Sosyal medya hesabında Çin’den ayrılış sürecini anlatan Teoman şunları kaydetti:

"Çin’deyken rahat konuşamıyordum, video paylaşmıyordum son zamanlarda çünkü orada uzaktan tanıdığım arkadaşıma beni sormuşlar. Ben çok fazla önemsemedim, o sırada yayınlara çıkıyor ve videolar paylaşıyordum. Daha sonra komşularıma da beni sormuşlar. Nerede çalıştığımı, basından olup olmadığımı, neden dış basına Çin’le ilgili kötü şeyler söylediğimi sormuşlar. Hastalık nedeniyle kentlerin hayalet şehre döndüğünü söylemiştim. Bu sırada Çin iyi veya kötü haber yapılmasını istemiyordu.

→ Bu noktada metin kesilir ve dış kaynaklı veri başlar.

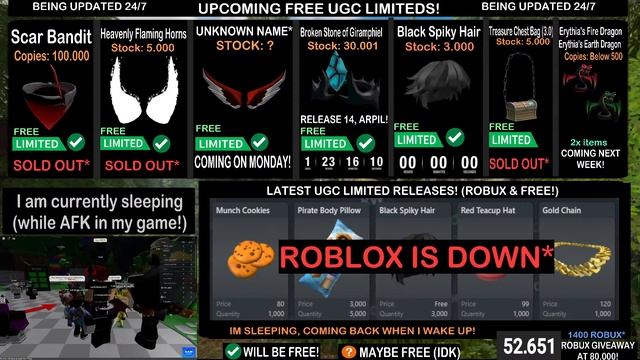 ? ROBLOX IS DOWN - Failed to load Experiences! (Live Status) смотреть онлайн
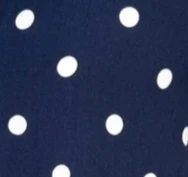 Iris Dress - Navy White Spot - Image 8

Sosyal medya hesaplarında virüsle ilgili açıklama yapanlara 500 Yuan para cezası olduğu açıklanmıştı. Bir gün polis eve geldi. Ben hastalıkla ilgili zannederken pasaportumu istediler, fotoğrafını çektiler. Vizelerime baktılar ve ‘ne kadar daha buradasın’, ‘ne iş yapıyorsun’ gibi sorular sordular. Virüsle ilgili görüşlerimi aldılar. Daha sonra video paylaşıp paylaşmadığımı sordular. Tedirgin oldum. Daha sonra 'herhangi bir şekilde dış basına haber yaparsan bunun sorumluğu sende' dediler. Tam da o zamanlar 4-5 haberci ortadan kaybolmuştu. Neler olacak diye düşünürken dönmem gerektiğine karar verdim, herhangi bir paylaşım yapmamam konusunda beni açık açık tehdit ettiler."